DATASET SECTION -
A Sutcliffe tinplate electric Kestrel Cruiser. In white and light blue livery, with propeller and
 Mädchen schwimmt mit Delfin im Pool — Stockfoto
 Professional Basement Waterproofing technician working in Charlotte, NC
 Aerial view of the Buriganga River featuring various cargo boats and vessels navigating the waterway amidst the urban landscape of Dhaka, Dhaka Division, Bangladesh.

WHAT THIS TASK INVOLVES - Starting with the line that contains "Professional Basement Waterproofing", output every line through the end of the listing above, unchanged.

ANSWER TO THE PROBLEM -
 Professional Basement Waterproofing technician working in Charlotte, NC
 Aerial view of the Buriganga River featuring various cargo boats and vessels navigating the waterway amidst the urban landscape of Dhaka, Dhaka Division, Bangladesh.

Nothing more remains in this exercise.